Sarà la morte di quel bimbo, quindici anni dopo, a fare apparire probabilmente vano ogni sacrificio e a convincere l’uomo a ritornare in patria. Era il 1921. «Quindici anni che mi parvero quindici giorni», soleva dire la zia a conclusione del racconto dei mille particolari di quell’esperienza americana. Sarà stato la testimonianza di quella donna coraggiosa e risoluta a far sì che mia madre, giovane sposa, nel 1960, convincesse mio papà che, nonostante la neve, in terra svizzera potevano restarci almeno dieci anni. La nostra famiglia farà definitivamente ritorno a Mineo nel 1977.
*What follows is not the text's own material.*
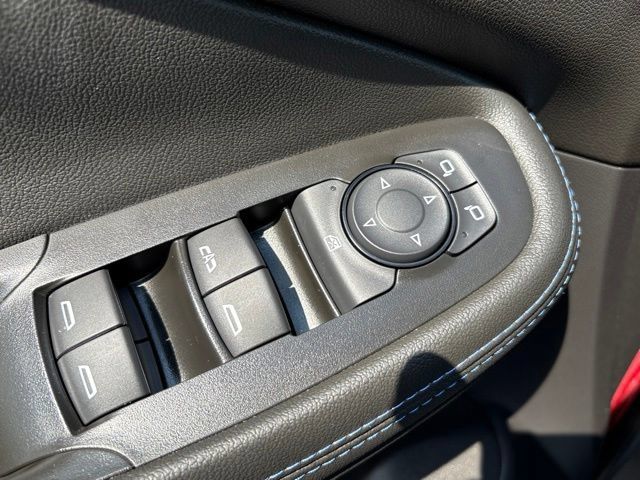 Used 2025 Buick Encore GX Sport Touring AWD/4WD image 11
Le facce di questi giovani tunisini che fuggono dalla miseria sono le stesse dei miei alunni marocchini e tunisini che io, figlio di emigranti, mi ritrovo in classe. Abbiamo il dovere di aiutarli e desideriamo farlo, ma i numeri sono importanti, l’ordine è decisivo e il rispetto delle regole dell’ospitalità non deve avere bisogno di essere imposto dall’atteggiamento intransigente del gendarme. A noi basta un’occhiata.
C’è un punto di rottura passato il quale, la disponibilità all’accoglienza rischia di divenire sospettosa chiusura. Non dobbiamo superare quel limite. È necessario diluire la concentrazione di persone a Lampedusa come a Mineo. Ma in ogni crisi c'è anche un’occasione. L’emergenza innanzi alla quale ci troviamo costituisce una grande occasione per l’Italia e per l’Europa. L’occasione di una condivisione in cui sia possibile vedere l’unità del Paese nei fatti
incontestabili e non nella retorica strumentale agli interessi di partito. La possibilità per l’Europa di mostrare che la solidarietà nei confronti della persona concreta è la strada di una credibilità incomparabilmente più efficace dell’umanitarismo delle bombe. Oggi bisogna coniugare liberté e fraternité.